__Data for the task__
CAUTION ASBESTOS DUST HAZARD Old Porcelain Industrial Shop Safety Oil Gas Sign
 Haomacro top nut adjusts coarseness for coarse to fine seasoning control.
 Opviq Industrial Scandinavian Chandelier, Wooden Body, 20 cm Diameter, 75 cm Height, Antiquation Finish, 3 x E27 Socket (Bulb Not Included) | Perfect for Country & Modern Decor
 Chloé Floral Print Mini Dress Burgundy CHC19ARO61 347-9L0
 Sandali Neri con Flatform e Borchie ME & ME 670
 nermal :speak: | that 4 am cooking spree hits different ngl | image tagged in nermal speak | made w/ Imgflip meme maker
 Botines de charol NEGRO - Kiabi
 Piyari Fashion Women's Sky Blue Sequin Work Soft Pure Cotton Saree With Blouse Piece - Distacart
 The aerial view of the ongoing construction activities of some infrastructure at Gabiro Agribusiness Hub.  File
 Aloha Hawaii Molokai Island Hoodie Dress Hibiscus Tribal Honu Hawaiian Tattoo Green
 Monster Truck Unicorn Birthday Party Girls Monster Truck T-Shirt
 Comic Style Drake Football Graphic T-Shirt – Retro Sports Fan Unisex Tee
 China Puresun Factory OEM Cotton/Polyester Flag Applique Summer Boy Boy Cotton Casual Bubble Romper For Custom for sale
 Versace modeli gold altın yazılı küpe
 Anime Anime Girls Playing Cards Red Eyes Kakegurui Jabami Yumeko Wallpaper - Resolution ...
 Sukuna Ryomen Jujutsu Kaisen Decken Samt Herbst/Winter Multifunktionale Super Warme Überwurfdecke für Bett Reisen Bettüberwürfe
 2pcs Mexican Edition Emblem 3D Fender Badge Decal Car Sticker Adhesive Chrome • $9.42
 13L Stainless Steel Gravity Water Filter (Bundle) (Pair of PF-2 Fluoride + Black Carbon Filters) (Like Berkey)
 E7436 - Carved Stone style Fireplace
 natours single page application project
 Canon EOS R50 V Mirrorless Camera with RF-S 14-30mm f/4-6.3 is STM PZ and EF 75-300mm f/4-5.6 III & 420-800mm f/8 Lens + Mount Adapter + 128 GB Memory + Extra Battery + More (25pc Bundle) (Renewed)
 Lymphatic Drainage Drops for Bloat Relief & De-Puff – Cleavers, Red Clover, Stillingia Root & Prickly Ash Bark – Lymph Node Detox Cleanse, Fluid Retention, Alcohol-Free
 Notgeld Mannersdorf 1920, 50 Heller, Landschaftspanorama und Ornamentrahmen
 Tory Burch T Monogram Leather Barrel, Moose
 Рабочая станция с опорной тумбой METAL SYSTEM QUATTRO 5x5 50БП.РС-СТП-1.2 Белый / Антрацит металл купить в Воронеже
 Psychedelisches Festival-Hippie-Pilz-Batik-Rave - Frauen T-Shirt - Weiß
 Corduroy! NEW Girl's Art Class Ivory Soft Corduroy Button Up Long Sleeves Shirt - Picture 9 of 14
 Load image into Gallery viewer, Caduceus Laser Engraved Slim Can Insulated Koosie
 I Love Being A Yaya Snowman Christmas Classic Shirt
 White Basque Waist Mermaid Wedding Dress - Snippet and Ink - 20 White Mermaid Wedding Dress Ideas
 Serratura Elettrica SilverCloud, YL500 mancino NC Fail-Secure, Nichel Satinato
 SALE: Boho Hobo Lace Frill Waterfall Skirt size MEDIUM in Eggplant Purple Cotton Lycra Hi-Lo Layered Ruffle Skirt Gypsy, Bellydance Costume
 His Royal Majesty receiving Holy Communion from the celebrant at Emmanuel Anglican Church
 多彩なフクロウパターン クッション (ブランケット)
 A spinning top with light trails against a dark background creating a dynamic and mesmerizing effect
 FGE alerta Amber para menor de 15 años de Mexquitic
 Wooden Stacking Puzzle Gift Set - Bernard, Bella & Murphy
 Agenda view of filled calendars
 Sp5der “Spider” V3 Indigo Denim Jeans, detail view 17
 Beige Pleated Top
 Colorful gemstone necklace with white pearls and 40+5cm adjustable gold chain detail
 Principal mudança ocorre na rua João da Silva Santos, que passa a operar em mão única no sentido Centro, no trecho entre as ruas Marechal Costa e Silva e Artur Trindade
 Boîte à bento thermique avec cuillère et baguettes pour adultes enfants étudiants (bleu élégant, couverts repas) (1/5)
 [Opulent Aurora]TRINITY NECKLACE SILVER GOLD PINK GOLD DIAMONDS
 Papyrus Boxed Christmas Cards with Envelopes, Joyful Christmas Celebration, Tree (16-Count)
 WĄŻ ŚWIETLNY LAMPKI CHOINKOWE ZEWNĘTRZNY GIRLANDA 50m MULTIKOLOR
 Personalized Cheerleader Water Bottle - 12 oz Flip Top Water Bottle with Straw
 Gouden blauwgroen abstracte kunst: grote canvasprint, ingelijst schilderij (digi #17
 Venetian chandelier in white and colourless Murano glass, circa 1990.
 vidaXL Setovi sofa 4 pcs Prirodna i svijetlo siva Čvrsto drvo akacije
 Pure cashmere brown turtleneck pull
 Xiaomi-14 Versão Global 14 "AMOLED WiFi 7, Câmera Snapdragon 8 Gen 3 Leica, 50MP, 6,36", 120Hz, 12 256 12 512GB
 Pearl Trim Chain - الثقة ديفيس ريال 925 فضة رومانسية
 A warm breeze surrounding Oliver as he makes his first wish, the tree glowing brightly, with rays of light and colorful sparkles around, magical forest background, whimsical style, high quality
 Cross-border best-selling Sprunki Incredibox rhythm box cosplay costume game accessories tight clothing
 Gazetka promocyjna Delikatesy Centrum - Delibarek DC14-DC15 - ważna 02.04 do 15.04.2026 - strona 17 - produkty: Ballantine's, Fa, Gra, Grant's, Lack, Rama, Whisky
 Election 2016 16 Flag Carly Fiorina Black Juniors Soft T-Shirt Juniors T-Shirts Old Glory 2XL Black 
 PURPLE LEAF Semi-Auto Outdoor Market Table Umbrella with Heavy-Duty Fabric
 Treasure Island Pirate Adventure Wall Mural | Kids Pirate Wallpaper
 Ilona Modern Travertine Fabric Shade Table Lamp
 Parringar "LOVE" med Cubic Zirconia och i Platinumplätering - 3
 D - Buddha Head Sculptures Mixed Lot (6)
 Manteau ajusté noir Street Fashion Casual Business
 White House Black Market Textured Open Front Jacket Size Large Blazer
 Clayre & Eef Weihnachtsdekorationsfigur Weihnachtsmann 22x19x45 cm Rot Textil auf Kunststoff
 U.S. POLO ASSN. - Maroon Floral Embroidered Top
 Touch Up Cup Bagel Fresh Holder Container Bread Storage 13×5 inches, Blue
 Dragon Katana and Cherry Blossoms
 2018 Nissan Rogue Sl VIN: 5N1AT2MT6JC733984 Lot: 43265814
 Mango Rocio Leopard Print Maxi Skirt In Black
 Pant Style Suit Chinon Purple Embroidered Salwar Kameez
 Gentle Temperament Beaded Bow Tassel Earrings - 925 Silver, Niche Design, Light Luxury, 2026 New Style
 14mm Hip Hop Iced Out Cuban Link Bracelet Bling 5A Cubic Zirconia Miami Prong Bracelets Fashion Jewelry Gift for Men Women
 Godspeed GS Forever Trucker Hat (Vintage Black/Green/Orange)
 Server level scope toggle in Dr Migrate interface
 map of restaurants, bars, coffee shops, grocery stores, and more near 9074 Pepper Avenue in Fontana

__Aim of the task__
Look above for the line with "I Love Being"; retype exactly that line, every line after it up to the line with "Principal mudança ocorre", and that line too, nothing else.

__Response to this exercise__
 I Love Being A Yaya Snowman Christmas Classic Shirt
 White Basque Waist Mermaid Wedding Dress - Snippet and Ink - 20 White Mermaid Wedding Dress Ideas
 Serratura Elettrica SilverCloud, YL500 mancino NC Fail-Secure, Nichel Satinato
 SALE: Boho Hobo Lace Frill Waterfall Skirt size MEDIUM in Eggplant Purple Cotton Lycra Hi-Lo Layered Ruffle Skirt Gypsy, Bellydance Costume
 His Royal Majesty receiving Holy Communion from the celebrant at Emmanuel Anglican Church
 多彩なフクロウパターン クッション (ブランケット)
 A spinning top with light trails against a dark background creating a dynamic and mesmerizing effect
 FGE alerta Amber para menor de 15 años de Mexquitic
 Wooden Stacking Puzzle Gift Set - Bernard, Bella & Murphy
 Agenda view of filled calendars
 Sp5der “Spider” V3 Indigo Denim Jeans, detail view 17
 Beige Pleated Top
 Colorful gemstone necklace with white pearls and 40+5cm adjustable gold chain detail
 Principal mudança ocorre na rua João da Silva Santos, que passa a operar em mão única no sentido Centro, no trecho entre as ruas Marechal Costa e Silva e Artur Trindade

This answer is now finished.